» **WORK TASK**
In your copy of the data, omit the pictures and keep all else exactly as given.

[Opening DATA PROVIDED section]

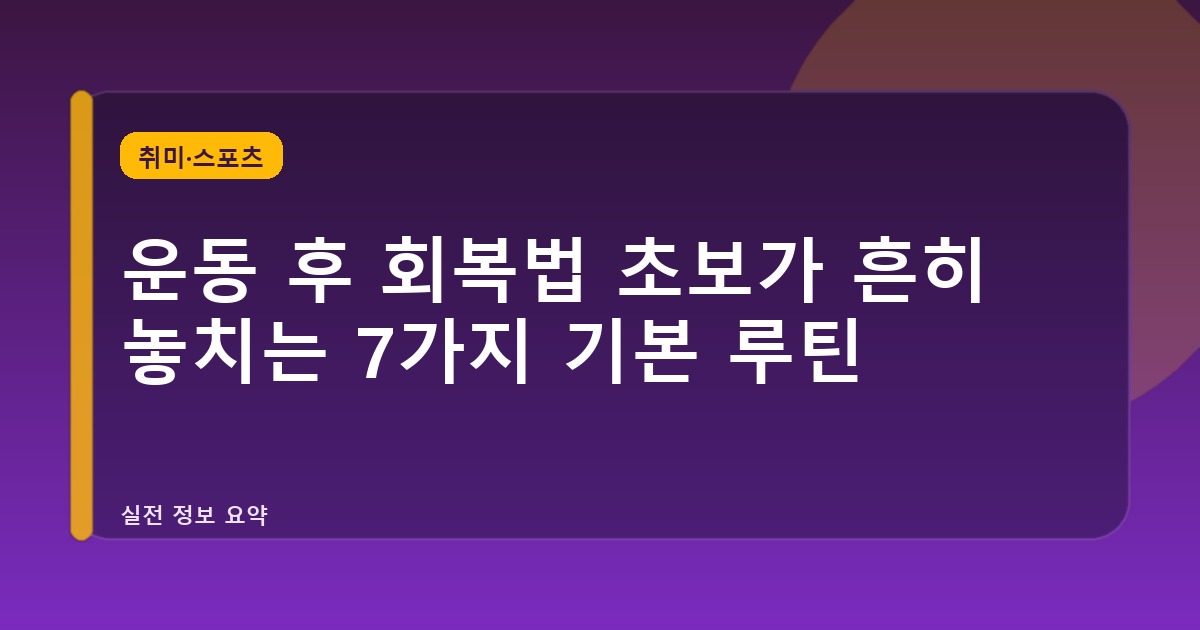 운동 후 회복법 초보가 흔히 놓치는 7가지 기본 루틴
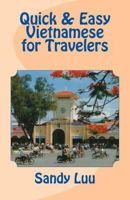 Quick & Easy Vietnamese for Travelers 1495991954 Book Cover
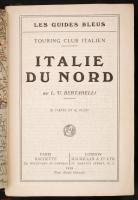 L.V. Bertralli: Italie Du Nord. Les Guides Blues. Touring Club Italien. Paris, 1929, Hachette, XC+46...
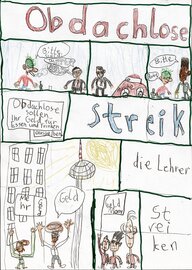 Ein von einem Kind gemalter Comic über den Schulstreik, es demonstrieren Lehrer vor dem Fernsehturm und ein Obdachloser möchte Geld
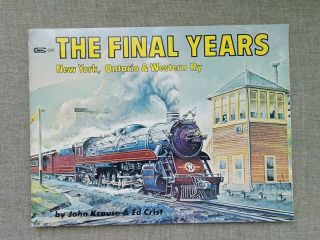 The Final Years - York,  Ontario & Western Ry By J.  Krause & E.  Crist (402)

[Closing DATA PROVIDED section]

» **TASK RESPONSE**
 운동 후 회복법 초보가 흔히 놓치는 7가지 기본 루틴
 Quick & Easy Vietnamese for Travelers 1495991954 Book Cover
 L.V. Bertralli: Italie Du Nord. Les Guides Blues. Touring Club Italien. Paris, 1929, Hachette, XC+46...
 Ein von einem Kind gemalter Comic über den Schulstreik, es demonstrieren Lehrer vor dem Fernsehturm und ein Obdachloser möchte Geld
 The Final Years - York,  Ontario & Western Ry By J.  Krause & E.  Crist (402)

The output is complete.